LIS hub is unreachable after ingress migration
| Field | Value |
|---|---|
| Impact Time | Mar 12 at 15:51 to Mar 12 at 16:12 |
| Duration | 21m 3s |
Overview¶
A change to the LIS ingress was performed as one of several clusters. A prior step to migrate the DNS records was missed or unsuccessfully applied, leading to an inability to resolve the hub at its domain name.
What Happened¶
A migration from ingress-nginx to nginx-ingress was performed, routing traffic through the nginx-ingress service. This was intended to incur little downtime, as the DNS records were previously supposed to have been migrated from the specific ingress service external IP to one that survives the decommissioning of the ingress-nginx deployment.
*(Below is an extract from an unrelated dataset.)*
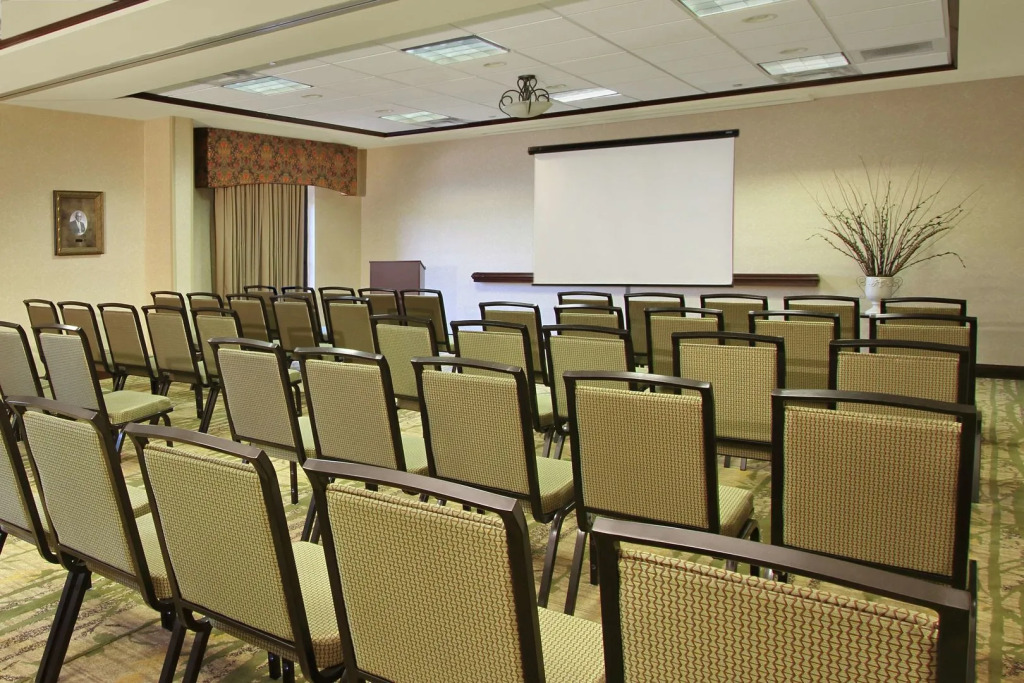 Hampton Inn & Suites-Florence Downtown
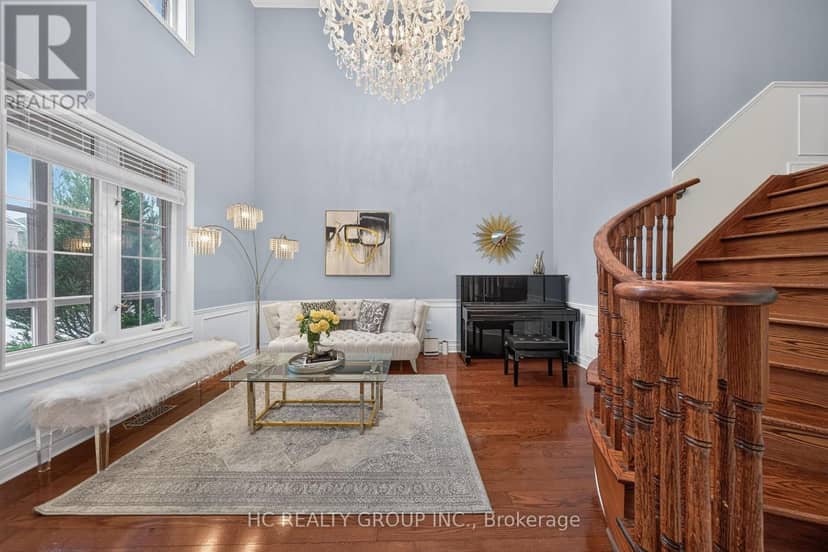 21 Wolf Trail Crescent, Richmond Hill, photo 6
However, this step was missed or failed, which meant that the act of migrating the ingress rendered traffic routed via the IP address resolved by DNS unable to reach the hub.
Resolution¶
To revert the ingress migration, and prepare for repeating it by reattempting the DNS migration.
Where We Got Lucky¶
We had both good alerts and good engagement with the technical contact.
The engineer had repeatedly tested forward and backward migration to feel confident in making the change immediately.
What Went Well¶
The act of reverting the change was quick and error-free.
What Didn’t Go So Well¶
The engineer missed only the LIS hub when checking each migration was successful.